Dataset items

┏━━

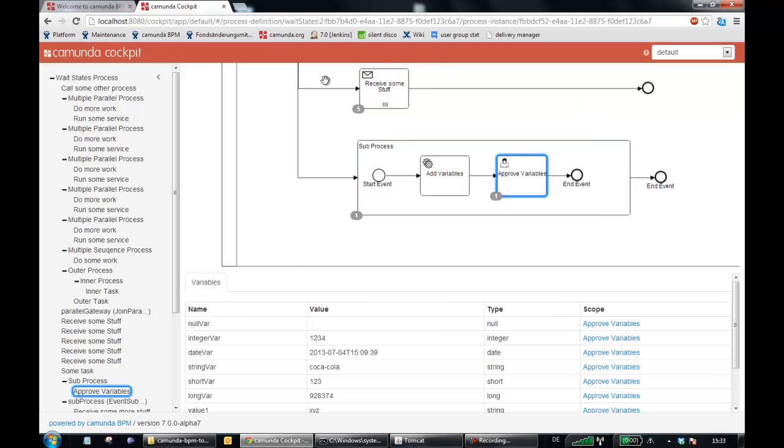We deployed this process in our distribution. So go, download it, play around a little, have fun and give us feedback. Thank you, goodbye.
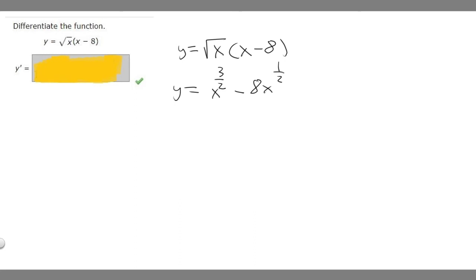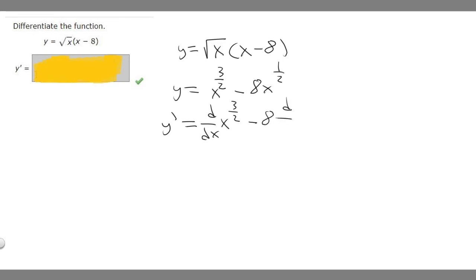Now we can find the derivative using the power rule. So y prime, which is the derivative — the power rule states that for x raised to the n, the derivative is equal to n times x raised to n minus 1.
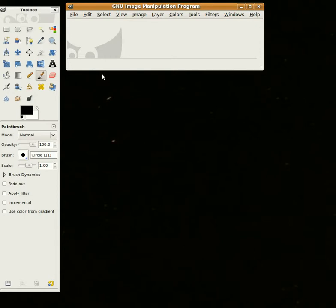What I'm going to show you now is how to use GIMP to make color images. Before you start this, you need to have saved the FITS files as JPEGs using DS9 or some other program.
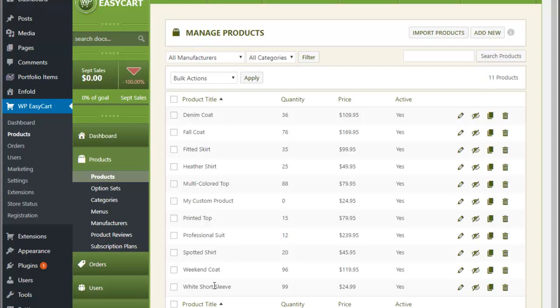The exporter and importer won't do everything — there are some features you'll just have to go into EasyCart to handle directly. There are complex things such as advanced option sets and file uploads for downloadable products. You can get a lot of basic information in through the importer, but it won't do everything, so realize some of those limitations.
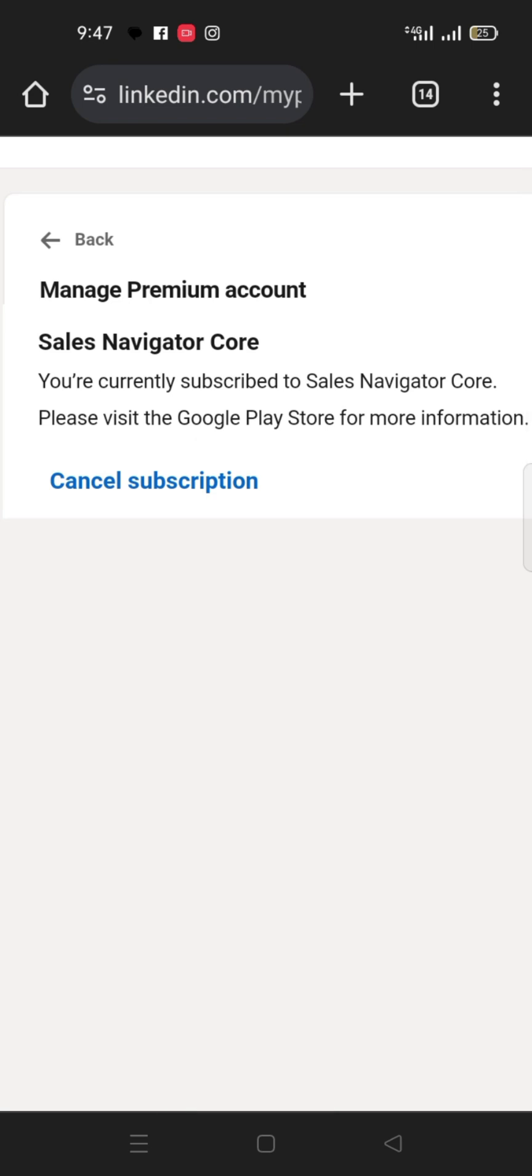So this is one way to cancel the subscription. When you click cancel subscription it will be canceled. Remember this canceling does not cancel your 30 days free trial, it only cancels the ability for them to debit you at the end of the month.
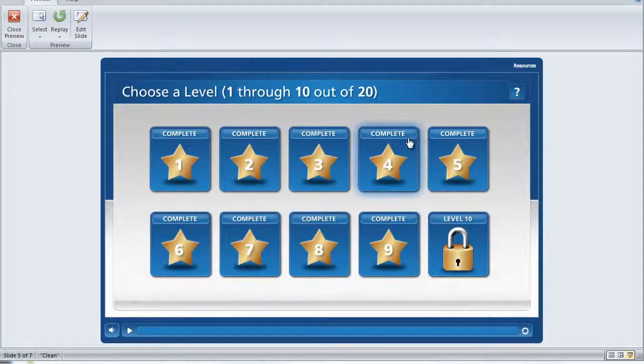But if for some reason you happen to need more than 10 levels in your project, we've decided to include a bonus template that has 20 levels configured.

┗━━

= THE TASK =
The pictures in the entries above should be left out; all else must be copied exactly.

= TASK RESPONSE =
We deployed this process in our distribution. So go, download it, play around a little, have fun and give us feedback. Thank you, goodbye.
Now we can find the derivative using the power rule. So y prime, which is the derivative — the power rule states that for x raised to the n, the derivative is equal to n times x raised to n minus 1.
What I'm going to show you now is how to use GIMP to make color images. Before you start this, you need to have saved the FITS files as JPEGs using DS9 or some other program.
The exporter and importer won't do everything — there are some features you'll just have to go into EasyCart to handle directly. There are complex things such as advanced option sets and file uploads for downloadable products. You can get a lot of basic information in through the importer, but it won't do everything, so realize some of those limitations.
So this is one way to cancel the subscription. When you click cancel subscription it will be canceled. Remember this canceling does not cancel your 30 days free trial, it only cancels the ability for them to debit you at the end of the month.
But if for some reason you happen to need more than 10 levels in your project, we've decided to include a bonus template that has 20 levels configured.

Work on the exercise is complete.